-- EXCERPTED RECORDS --
########

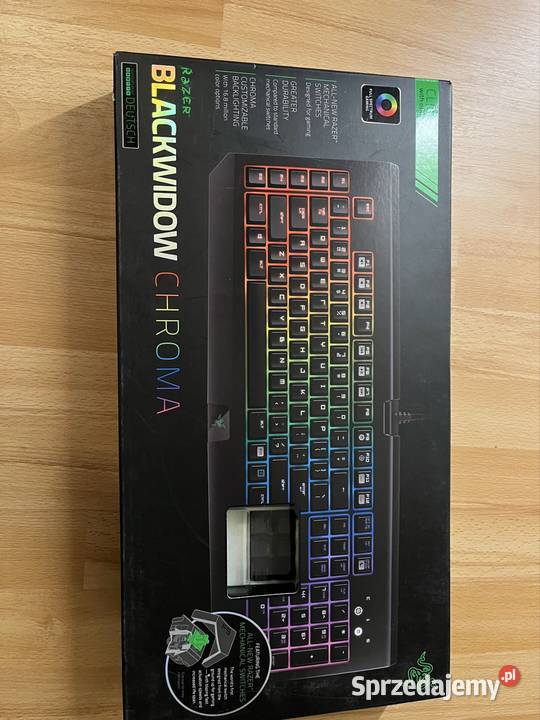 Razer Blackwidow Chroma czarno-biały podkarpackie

########

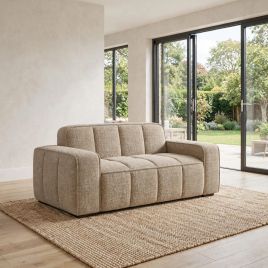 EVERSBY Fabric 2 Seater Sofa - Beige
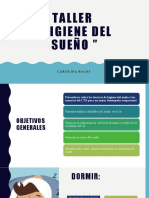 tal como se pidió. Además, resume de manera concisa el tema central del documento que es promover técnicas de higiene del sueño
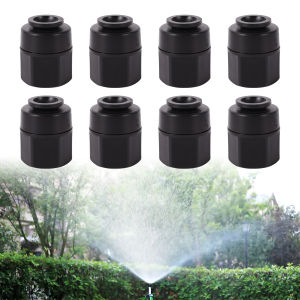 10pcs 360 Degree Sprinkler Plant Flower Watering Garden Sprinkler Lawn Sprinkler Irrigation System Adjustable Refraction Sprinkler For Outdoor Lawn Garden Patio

########

Find the line with "EVERSBY Fabric 2 Seater Sofa - Beige" in the entries above. Set down exactly every line from it up to and including the line with "tal como se", images excluded.

 EVERSBY Fabric 2 Seater Sofa - Beige
 tal como se pidió. Además, resume de manera concisa el tema central del documento que es promover técnicas de higiene del sueño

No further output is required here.